Hi! I’m Xiaoxiao Wang, a master’s student at the University of Chinese Academy of Sciences (UCAS), majoring in Operations Research and Cybernetics, under the supervision of Prof. Yingjie Tian. I am currently a research intern at Qiyuan National Lab, advised by Dr. Yao Zhu.
My research interests broadly include multimodal reasoning, vision-language models (VLMs), and text-to-motion generation. I am particularly passionate about building intelligent systems that combine perception and reasoning, and aim to enhance their robustness, controllability, and generalization ability in real-world scenarios.
I am currently seeking PhD opportunities, and hope to continue exploring the intersection of vision, language, and motion under world-class mentorship and collaborative research environments.
🔥 News
- 2025.03: 🎉 Our paper “Towards Annotation-Free Evaluation: KPA-Score for Human Keypoint Detection” was submitted to ICCV 2025! (First author)
- 2025.03: 🎉 Our paper “Bridging the Gap Between Ideal and Real-world Evaluation: Benchmarking AI-Generated Image Detection in Challenging Scenarios” was submitted to ICCV 2025! (Co-first author)
- 2025.3: 🎉 One paper on Noise Diffusion for Enhancing Semantic Faithfulness in Text-to-Image Synthesis accepted to CVPR 2025! (Third author)
- 2024.11: 🎉 Our work on An Efficient Framework for Enhancing Discriminative Models via Diffusion Techniques has been accepted by AAAI 2025! (Co-first author)
📝 Publications
Towards Annotation-Free Evaluation: KPAScore for Human Keypoint Detection
Xiaoxiao Wang, Chunxiao Li, Peng Sun, Boming Miao, Yunjian Zhang, Yao Zhu
- We propose KPA-Score, a new annotation-free evaluation metric for keypoint detection based on vision-language models (VLMs). Our method simulates human judgment through binary response probability and correlates strongly with mAP, achieving 0.71 correlation without using ground-truth annotations.
Chunxiao Li*, Xiaoxiao Wang*, Meiling Li, Boming Miao, Peng Sun, Yunjian Zhang, Xiangyang Ji, Yao Zhu
- We introduce a new benchmark for AI-generated image detection that incorporates real-world distortions such as social media compression and re-digitization. Extensive experiments reveal performance gaps in existing detectors and VLMs. We also propose a robustness-aware in-context few-shot prompting method for improved detection accuracy.

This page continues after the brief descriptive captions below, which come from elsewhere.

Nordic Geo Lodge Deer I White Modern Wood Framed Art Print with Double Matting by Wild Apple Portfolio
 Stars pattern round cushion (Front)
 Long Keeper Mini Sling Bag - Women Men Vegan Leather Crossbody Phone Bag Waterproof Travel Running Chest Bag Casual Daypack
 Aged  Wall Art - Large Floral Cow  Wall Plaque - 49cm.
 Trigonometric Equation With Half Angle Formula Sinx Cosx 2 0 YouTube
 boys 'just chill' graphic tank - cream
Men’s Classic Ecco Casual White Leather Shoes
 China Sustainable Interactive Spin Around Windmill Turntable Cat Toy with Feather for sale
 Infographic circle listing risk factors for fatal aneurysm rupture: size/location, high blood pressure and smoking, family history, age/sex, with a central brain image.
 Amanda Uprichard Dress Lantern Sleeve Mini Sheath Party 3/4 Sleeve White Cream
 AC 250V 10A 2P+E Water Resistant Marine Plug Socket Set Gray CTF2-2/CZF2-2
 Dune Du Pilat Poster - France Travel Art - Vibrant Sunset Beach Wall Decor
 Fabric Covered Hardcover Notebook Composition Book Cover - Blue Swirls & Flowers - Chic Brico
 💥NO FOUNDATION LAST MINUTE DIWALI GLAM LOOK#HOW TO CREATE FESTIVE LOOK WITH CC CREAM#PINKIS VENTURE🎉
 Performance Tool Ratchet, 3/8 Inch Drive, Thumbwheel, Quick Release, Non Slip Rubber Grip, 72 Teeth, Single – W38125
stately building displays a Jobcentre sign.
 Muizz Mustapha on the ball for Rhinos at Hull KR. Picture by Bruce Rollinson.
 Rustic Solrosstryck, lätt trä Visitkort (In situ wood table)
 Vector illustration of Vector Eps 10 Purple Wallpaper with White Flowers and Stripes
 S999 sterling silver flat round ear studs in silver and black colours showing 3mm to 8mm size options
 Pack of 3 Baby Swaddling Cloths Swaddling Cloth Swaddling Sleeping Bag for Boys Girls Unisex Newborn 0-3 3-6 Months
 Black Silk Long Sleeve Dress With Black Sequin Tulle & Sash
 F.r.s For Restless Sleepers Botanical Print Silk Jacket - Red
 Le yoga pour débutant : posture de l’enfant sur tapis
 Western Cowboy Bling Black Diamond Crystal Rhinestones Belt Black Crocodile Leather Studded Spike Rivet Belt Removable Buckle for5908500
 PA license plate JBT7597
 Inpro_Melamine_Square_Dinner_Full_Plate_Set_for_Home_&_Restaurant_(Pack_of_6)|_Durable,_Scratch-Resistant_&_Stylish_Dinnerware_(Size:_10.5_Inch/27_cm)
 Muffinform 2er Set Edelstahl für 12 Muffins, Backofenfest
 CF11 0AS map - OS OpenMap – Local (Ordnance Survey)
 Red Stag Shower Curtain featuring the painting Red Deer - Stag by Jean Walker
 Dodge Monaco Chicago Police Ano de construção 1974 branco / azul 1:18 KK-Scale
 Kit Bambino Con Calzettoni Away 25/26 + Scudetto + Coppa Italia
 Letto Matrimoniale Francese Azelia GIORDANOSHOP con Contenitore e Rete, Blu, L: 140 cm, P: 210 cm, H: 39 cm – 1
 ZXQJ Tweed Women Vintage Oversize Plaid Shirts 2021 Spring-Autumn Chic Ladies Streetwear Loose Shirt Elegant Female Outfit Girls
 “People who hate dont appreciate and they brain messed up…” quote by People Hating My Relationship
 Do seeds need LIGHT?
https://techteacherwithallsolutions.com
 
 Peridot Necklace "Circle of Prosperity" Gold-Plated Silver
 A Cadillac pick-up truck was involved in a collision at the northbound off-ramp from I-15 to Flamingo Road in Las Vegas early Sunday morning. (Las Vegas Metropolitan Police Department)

Noise Diffusion for Enhancing Semantic Faithfulness in Text-to-Image Synthesis
Boming Miao, Chunxiao Li, Xiaoxiao Wang, Andi Zhang, Rui Sun, Zizhe Wang, Yao Zhu
- We propose a simple yet effective method to optimize the latent noise of diffusion models using VLM-guided question-answering, aiming to improve semantic faithfulness of generated images. Our method is model-agnostic, training-free, and improves both VQA and CLIP-based alignment scores.
An Efficient Framework for Enhancing Discriminative Models via Diffusion Techniques
Chunxiao Li*, Xiaoxiao Wang*, Boming Miao, Chuanlong Xie, Zizhe Wang, Yao Zhu
- Inspired by brain-like reasoning, we design a plug-and-play diffusion-enhanced framework for classification tasks. Low-confidence samples are reprocessed via conditional denoising paths, leading to consistent improvements across ImageNet-1K, CIFAR-10/100, and multiple robustness benchmarks.
🎖 Honors and Awards
-
2021.09 🏆 Second Prize (National), China Undergraduate Mathematical Contest in Modeling (CUMCM)
-
2022.12 🥉 Third Prize (National), China Undergraduate Statistical Modeling Competition
-
2021.12 🥉 Third Prize (National), China Undergraduate Statistical Modeling Competition
📖 Educations
- 2023.09 – 2026.06 (expected), 🎓 M.Sc. in Operations Research and Cybernetics, University of Chinese Academy of Sciences.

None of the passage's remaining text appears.